*What this task involves*.
Having located the line with "Lunch is served", repeat it and all remaining lines of the records exactly. Pictures do not belong in the answer.

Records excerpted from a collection
-- Opening Marker --

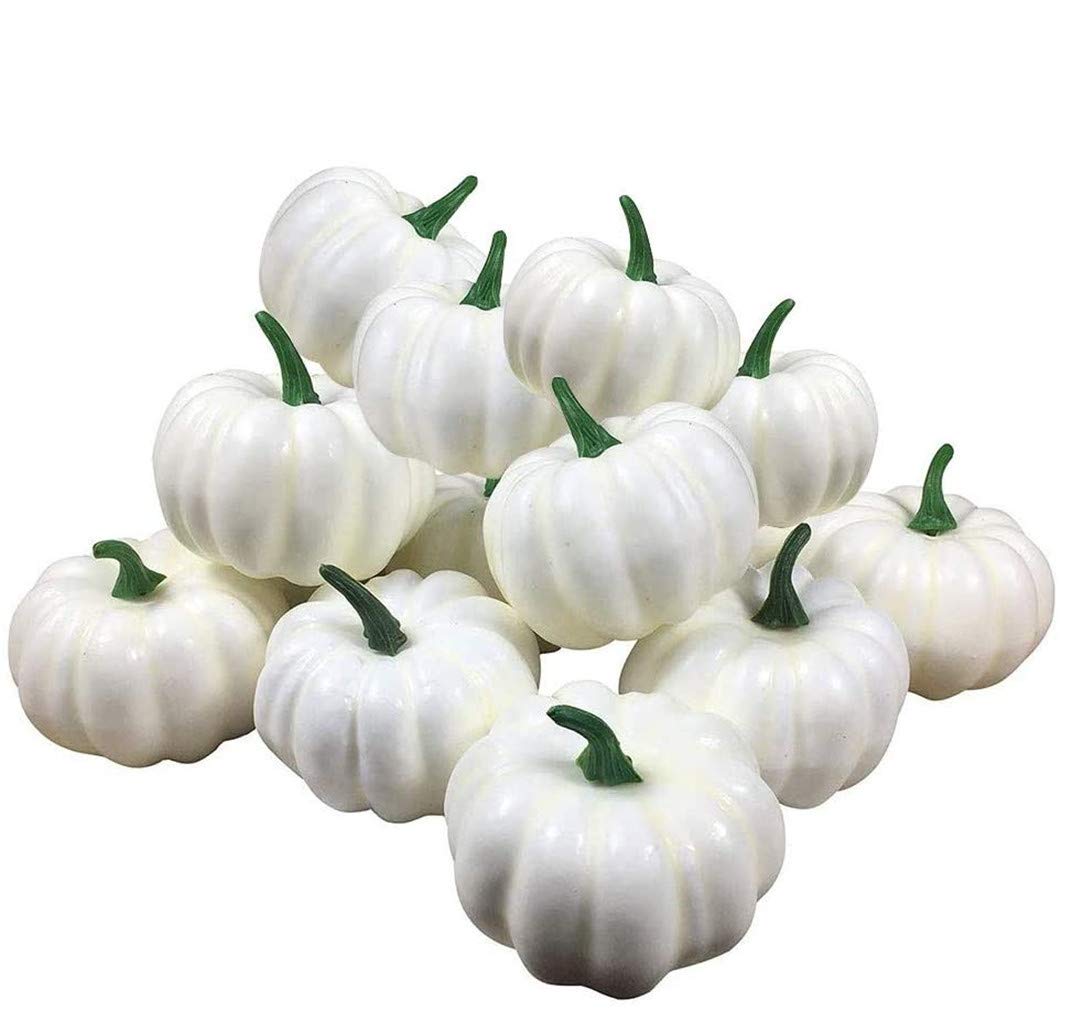 Ulalaza 16pc Artificial Pumpkins Home Decor Set - 30 Maple Leaves &amp; 10 Acorns &amp; 2 Pinecones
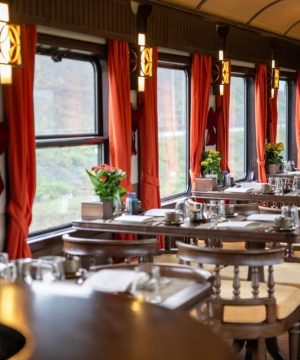 Lunch is served while the train glides through the peaceful countryside of Northern Vietnam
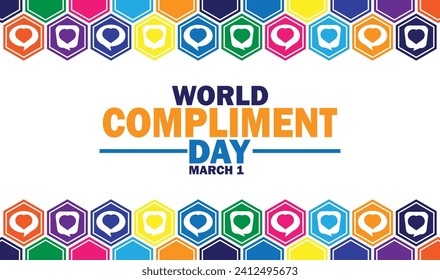 World Compliment Day Vector Illustration. March 1. Suitable for greeting card, poster and banner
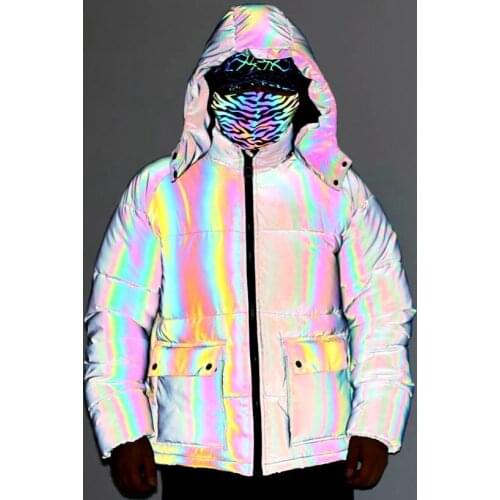 2021 Mens Winter Rainbow Color Reflective Workwear Cotton Jacket Large Pocket Stitching Hip Hop Hooded Reflective Cotton Jacket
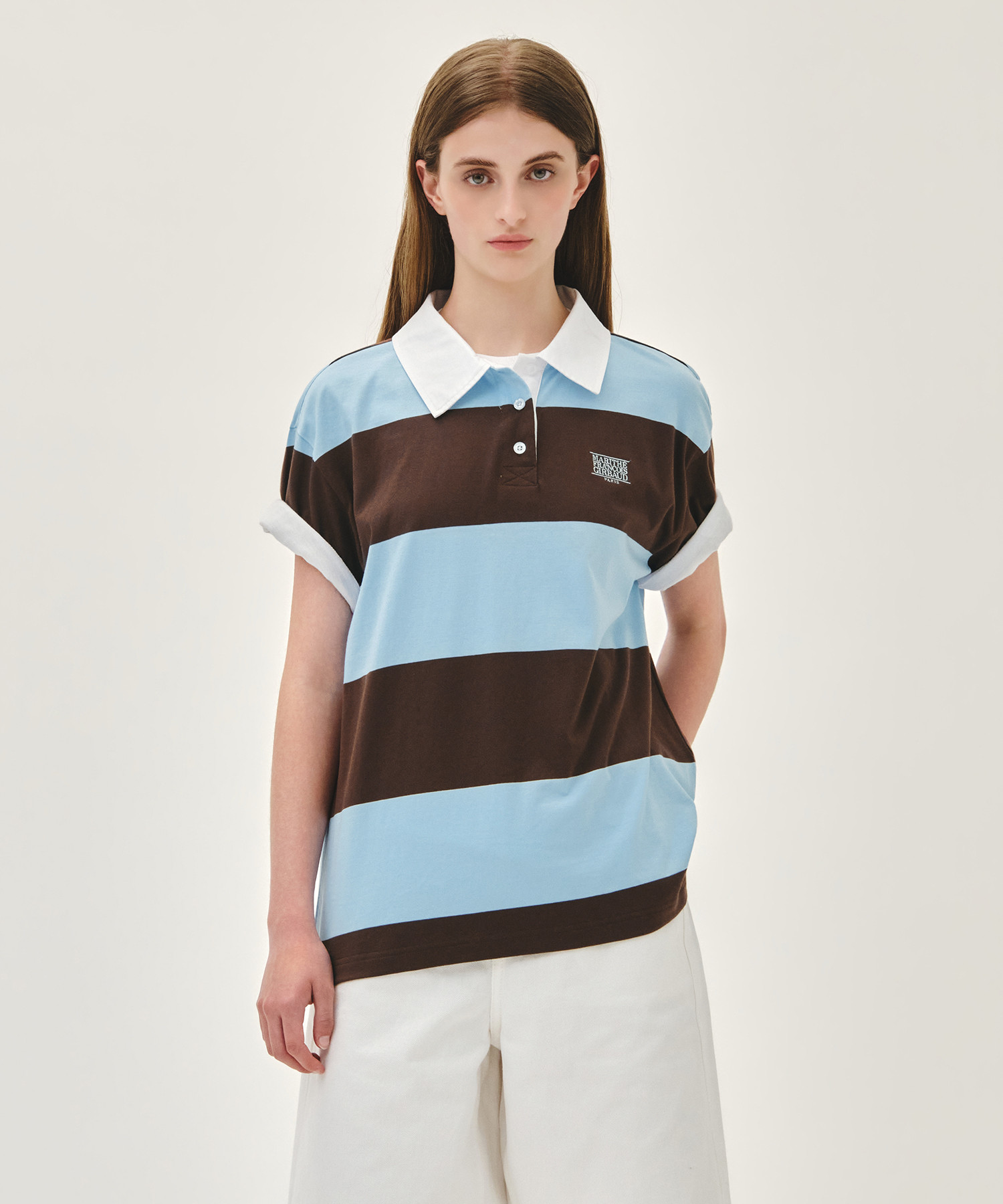 SMALL CLASSIC LOGO RUGBY STRIPE OVERSIZED COLLAR TEE sky blue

-- Closing Marker --

*Your response*.
 Lunch is served while the train glides through the peaceful countryside of Northern Vietnam
 World Compliment Day Vector Illustration. March 1. Suitable for greeting card, poster and banner
 2021 Mens Winter Rainbow Color Reflective Workwear Cotton Jacket Large Pocket Stitching Hip Hop Hooded Reflective Cotton Jacket
 SMALL CLASSIC LOGO RUGBY STRIPE OVERSIZED COLLAR TEE sky blue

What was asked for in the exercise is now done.